Alaska News

How safe is it to fly in rural Alaska?


Michael Schoder -- Terry Smith's friend and pilot -- writes on his blog that "it is almost unimaginable that Terry Smith would have flown into terrain. TAS, or 'True Airspeed' as we call him, was the best of the best. The last person on planet earth I would suspect would do so."

DILLINGHAM -- Wild and rugged Alaska has always been a dangerous place to fly, but the people who know it best -- the pilots who daily crisscross the wilderness here and the safety experts back in the state's largest city -- say travel by air is getting safer. The high-profile death of former Sen. Ted Stevens and four others in the crash of a single-engine Otter on a mountainside 17 miles north of this community, however, underlines that there are still risks.

Mountainous terrain, fickle coastal weather, limited weather reports and great distances between airports make Alaska flying inherently more dangerous than in most of the Lower 48. Still, an emphasis on safety, improving technology and other factors have cut the average death rate among commercial pilots by about 13 percent since 2003, according to figures from the National Institute for Occupational Safety and Health.

"The accident rate is down, especially if you look back 15 or 20 years," said Carl Siebe, board chairman of the Alaska Aviation Safety Foundation. "We are definitely making progress. It's about two steps forward and one step back."

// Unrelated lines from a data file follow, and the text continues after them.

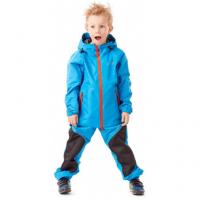 Dragonfly Дождевой детский комплект Evo Kids Blue (куртка,штаны) в Липецке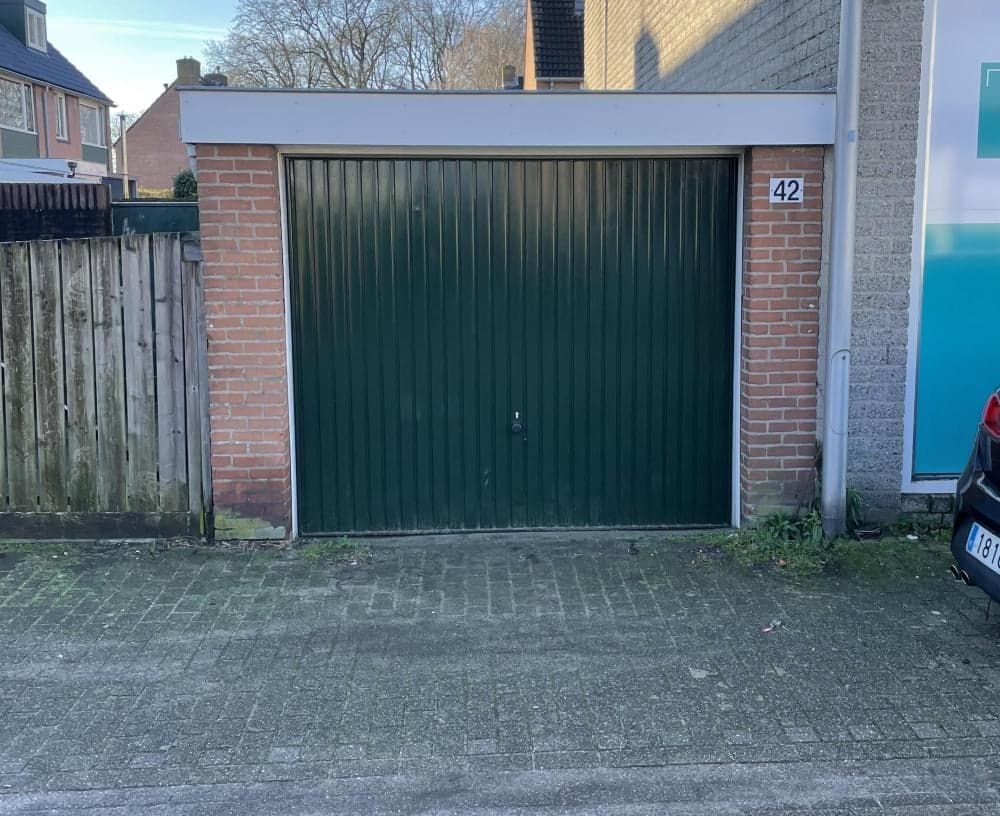 Garage De Peppels 42, Bussum - À Louer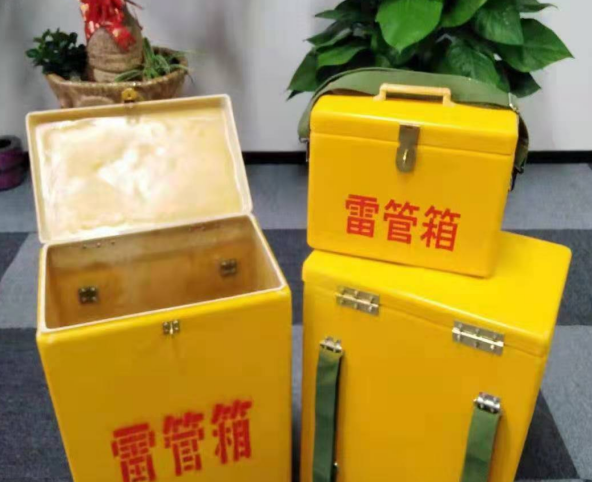 资中玻璃钢雷管箱有哪些特点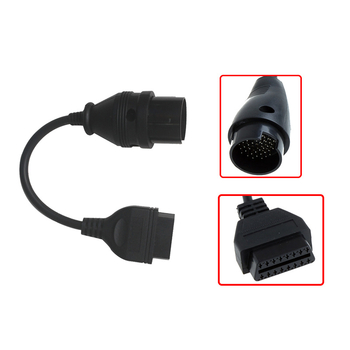 OBD2 kabel Mercedes Sprinter 38-pin na 16-pin
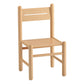 TRADITIONAL WOODEN CHAIR  (NL)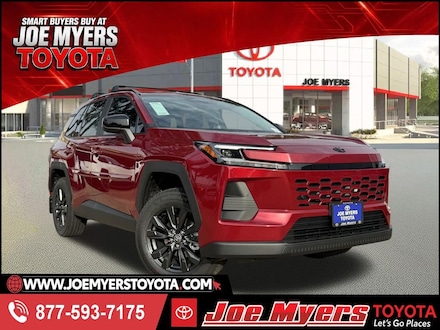 2026 Toyota RAV4 XLE Premium SUV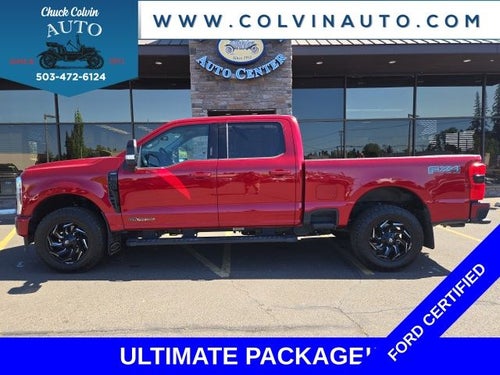 2024 Ford F-350SD Lariat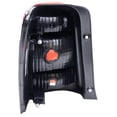 thumbnail image 3 of Geelife For 08-12 Ford Escape 2pc Tail Light Lamp Assembly Kit Left & Sides, 3 of 9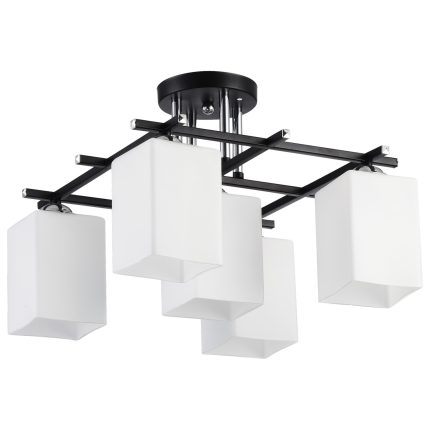 Plafonska lampa MD2737-5 BK - Cormel-FORMA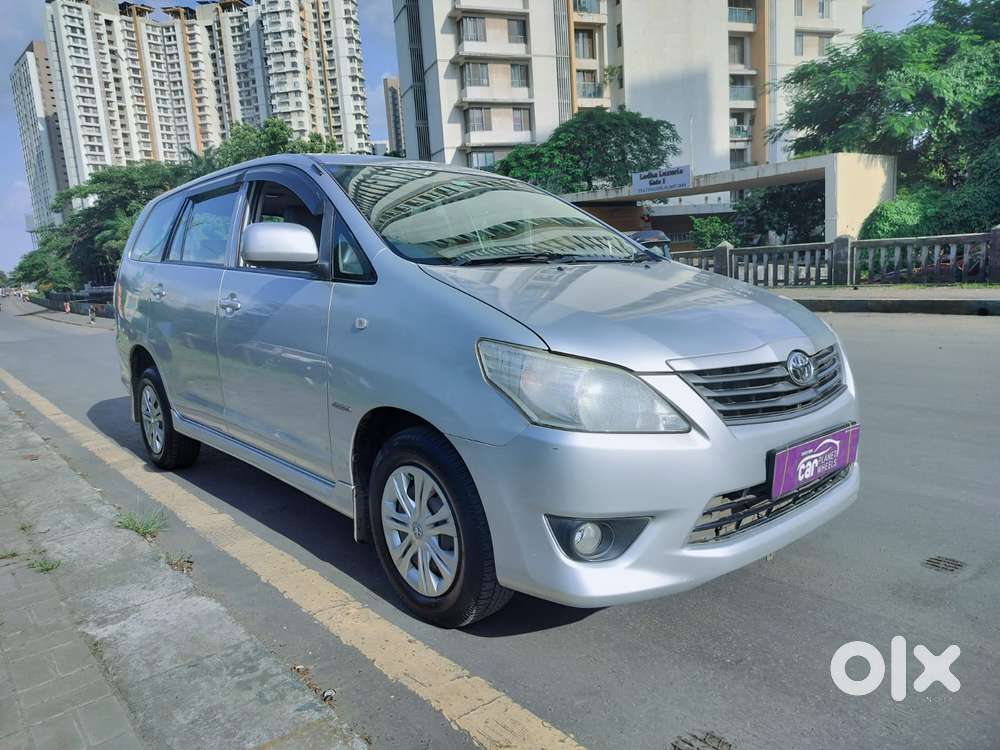 Toyota Innova 2.5 G (diesel) 7 Seater, 2013, Diesel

On the ground in Dillingham, a fishing village on Bristol Bay, pilots point to better airports, something Stevens helped fund with federal dollars; Federal Aviation Administration safety programs, something Stevens helped fund with federal dollars; and a greater emphasis on safe operation, something advocated by Stevens and pushed by the Medallion Program, in large part, funded by state and federal dollars.

Safety, said 37-year-old Chris Miller, director of stations for Grant Aviation, is, "a business decision we've made that we're not going to be the ones making headlines." The fearless, hairy-chested Bush pilot of old willing to fly anywhere, anytime for any reason, might have played well in books and movies, he added, but "the sexiness wears off when the coffins come out."

Just before Miller made that observation, a military C-130 Hercules rolled down the local runway past the windows of Grant. It was the same plane that had flown back to Anchorage the bodies of Stevens, 86; GCI Inc., executive Dana Tindall, 48; and her 16-year-old daughter Corey; former Stevens aide Bill Phillips, 56; and the pilot, 62-year-old Theron "Terry" Smith, of Eagle River. All died Monday in the crash of a GCI-owned, turbo-powered, single-engine Otter floatplane. Four others -- former NASA chief Sean O'Keefe, his son, Kevin; businessman Jim Morhard; and William "Willy" Phillips Jr., a son of Bill Phillips' -- survived the accident.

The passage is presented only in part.